In general though, I'm with you Babbler - let's just hope things keep improving and that some progress is made regarding the mistakes of this incident.
 
So, now we've seen how well prepared we are for a disaster we know is coming to a major city. Imagine how well it would go if an unexpected disaster struck a big metro area. Say, a small nuke or dirty bomb in Denver, or Detroit? A big quake in LA? We are woefully unprepared. This should be a wake up call for all the emergency planners in the US.
 
Birdjaguar said:
So, now we've seen how well prepared we are for a disaster we know is coming to a major city. Imagine how well it would go if an unexpected disaster struck a big metro area. Say, a small nuke or dirty bomb in Denver, or Detroit? A big quake in LA? We are woefully unprepared. This should be a wake up call for all the emergency planners in the US.

What was 9/11 then? That *was* the wakeup call. What we are seeing now is the completely failure of the wakeup call.
 
Uiler said:
What was 9/11 then? That *was* the wakeup call. What we are seeing now is the completely failure of the wakeup call.
It did, but only for terrorism. Gov't officals started to neglect natural disaster planning; hence NOLA under water.
 
Babbler said:
It did, but only for terrorism. Gov't officals started to neglect natural disaster planning; hence NOLA under water.

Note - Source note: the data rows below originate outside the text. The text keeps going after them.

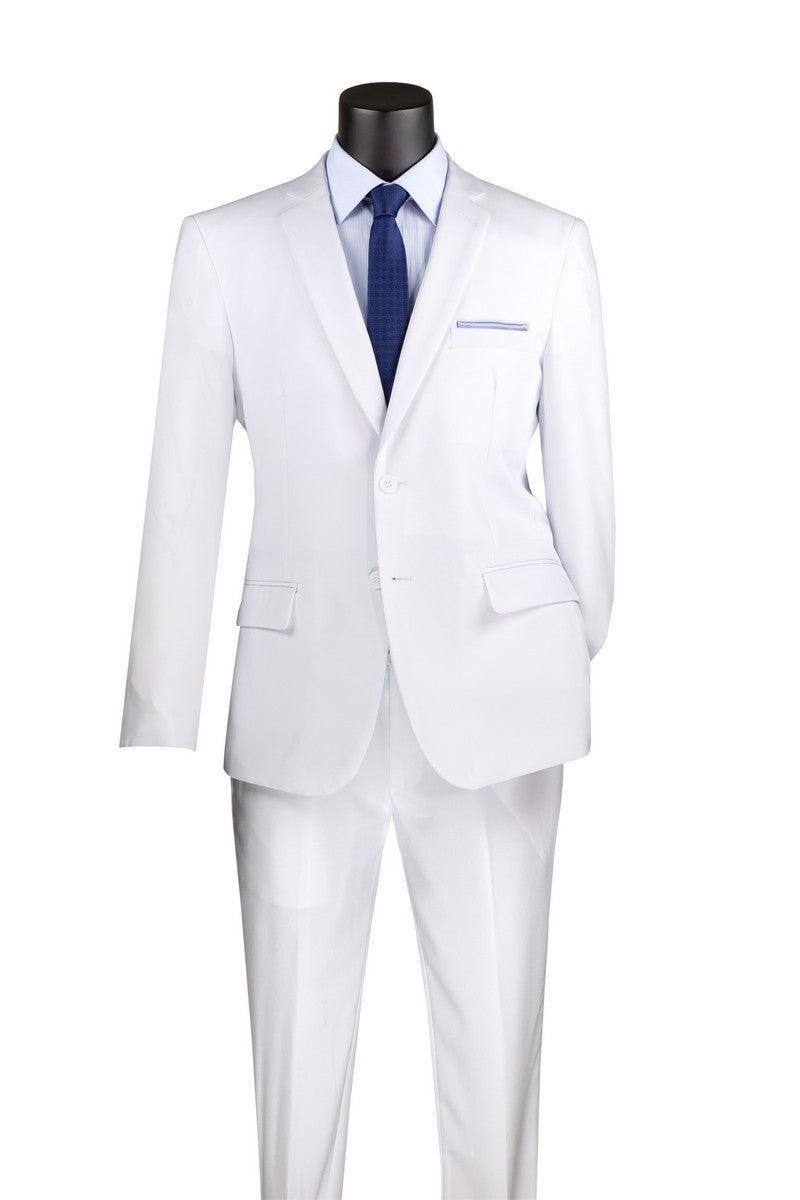 Slim Fit 2 Piece Suit, White - 36 Short - 30 Waist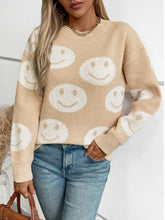 Load image into Gallery viewer, Smile Pattern Round Neck Long Sleeve Sweater
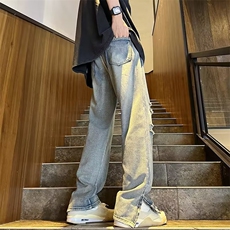 美式复古牛仔裤男女拉链破洞直筒裤青年痞帅炸街裤N6053-P40，男装牛仔裤，星座1109-3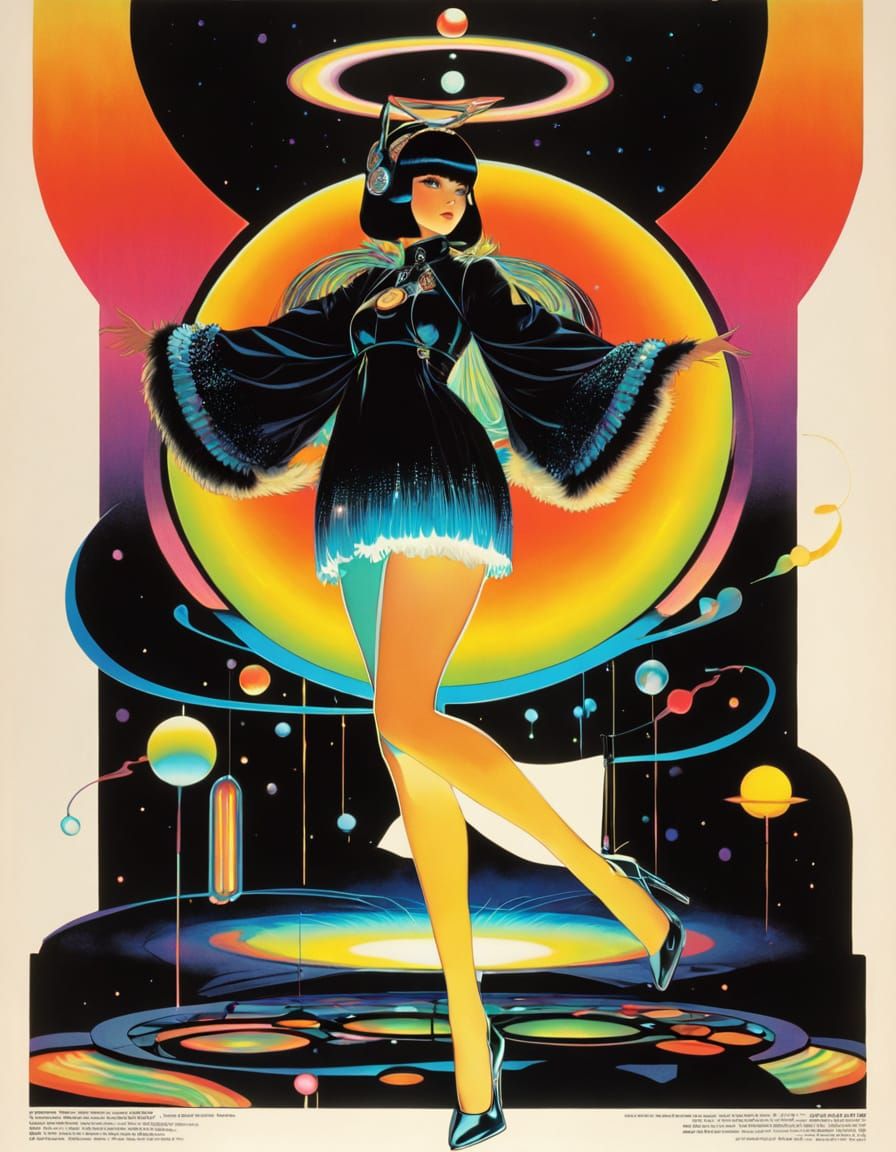 contrasting, early 1970s, starched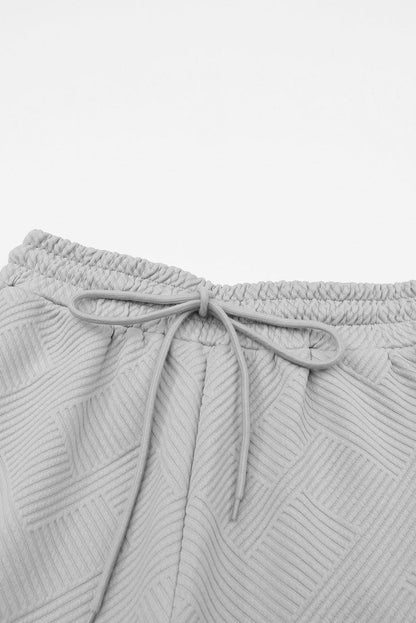 White Textured Loose Fit T Shirt and Drawstring Pants Set 95%Polyester+5%Elastane Two Piece Sets by Fleurcouture | Fleurcouture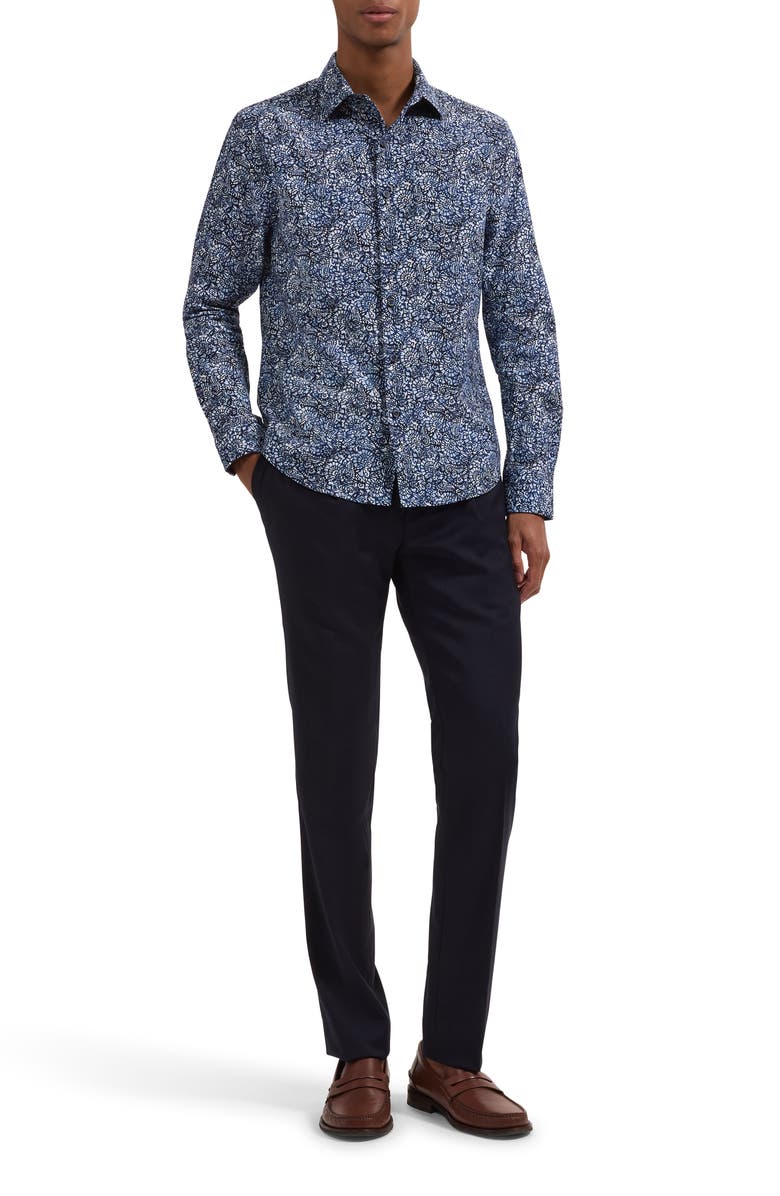 Bugatchi Julian Shaped Fit Abstract Paisley Print Cotton Button-Up Shirt, Alternate, color, Navy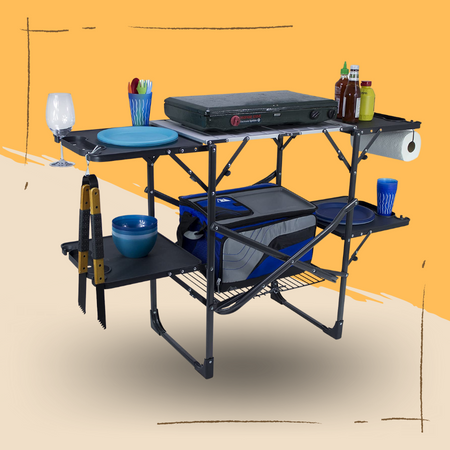 GCI Outdoor Slim-Fold Camp Kitchen Portable Folding Cook Station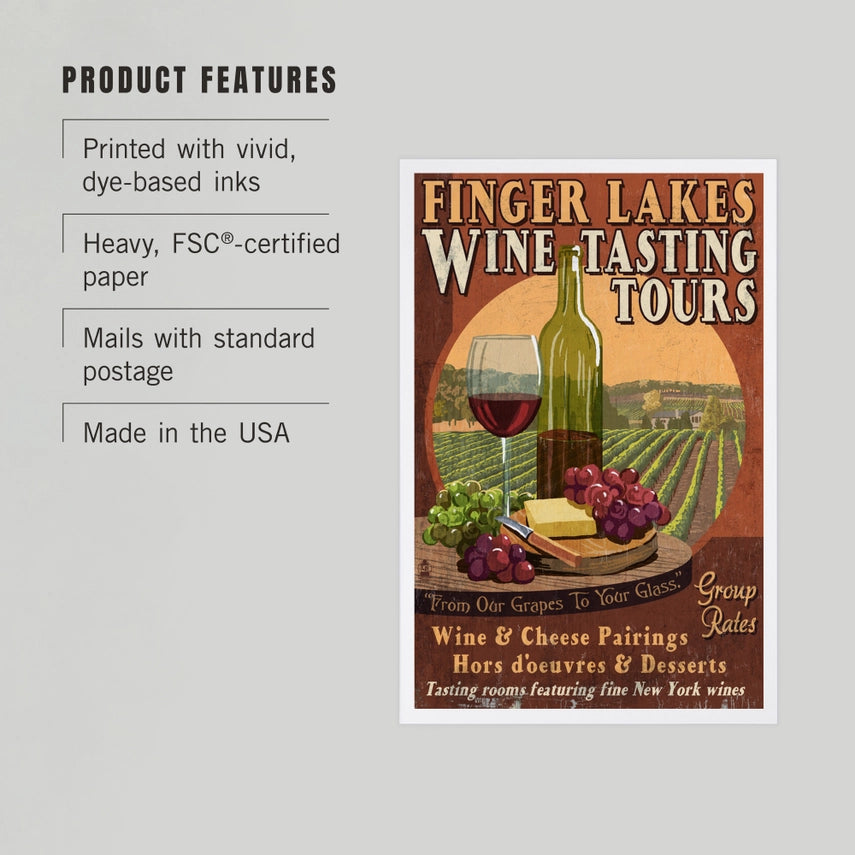Wine Tasting, Finger Lakes, NY - Premium Postcards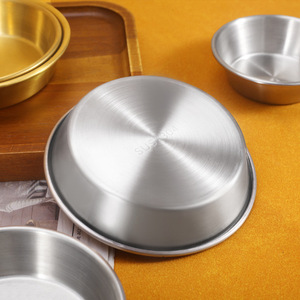 Plat à condiments rond en acier inoxydable 304 pour barbecue, sauces, vinaigre - Product Image 1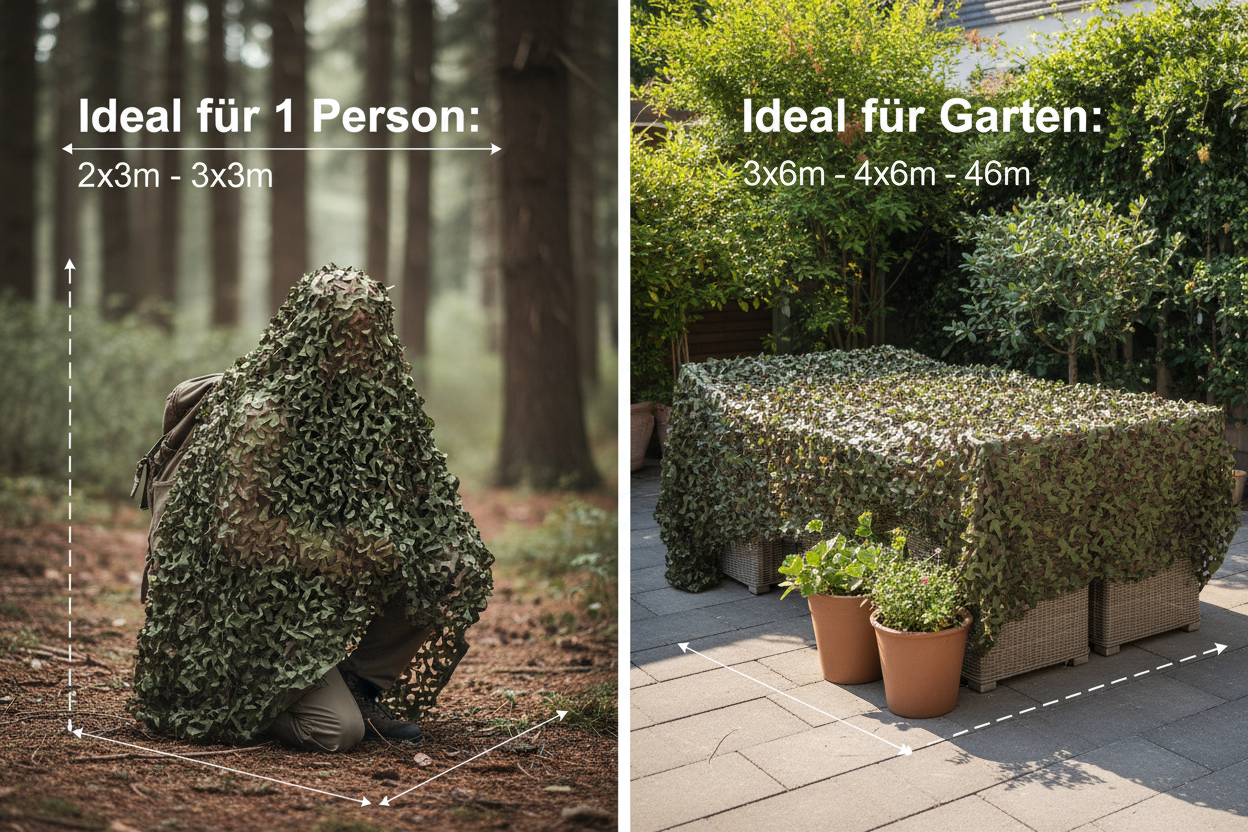 Welche Tarnnetz-Größe ist ideal für eine Person oder für den Garten ?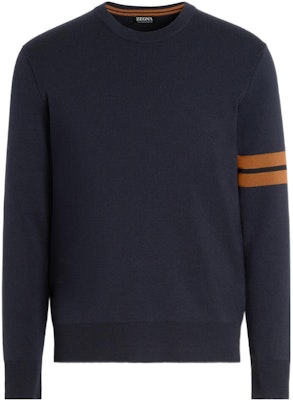 Jersey de punto con cuello redondo y rayas de manga larga Zegna azul marino. E8M91-110-B09 Order Jersey de punto con cuello redondo y rayas de manga larga Zegna azul marino. E8M91-110-B09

But a lot of the issues are the same. For example a big problem in 9/11 was a breakdown in communications between groups of emergency workers and law enforcement. Individual workers were basically left on their own with no central co-ordination. The same thing happened in New Orleans and has to have contributed to the feeling of "Is *anyone* in charge here?" that permeated the city. In fact I think communication was one of the major areas identifed in need of reform after 9/11. If they failed so spectacularly in New Orleans for an event that they had ample warning for it is highly likely they fail spectacularly in an event which they have no warning for.
 
Uiler said:
What was 9/11 then? That *was* the wakeup call. What we are seeing now is the completely failure of the wakeup call.
9-11 was a sudden, shameful attack, but one which only impacted a very small geographic area. Evacuation meant going 20 blocks north to a friends apartment. A real disaster would be if everyone on Manhatten had to be moved out or left to die. 9-11 may have taught us to manage small disasters better; New Orleans shoud help us see that we cannot handle big ones.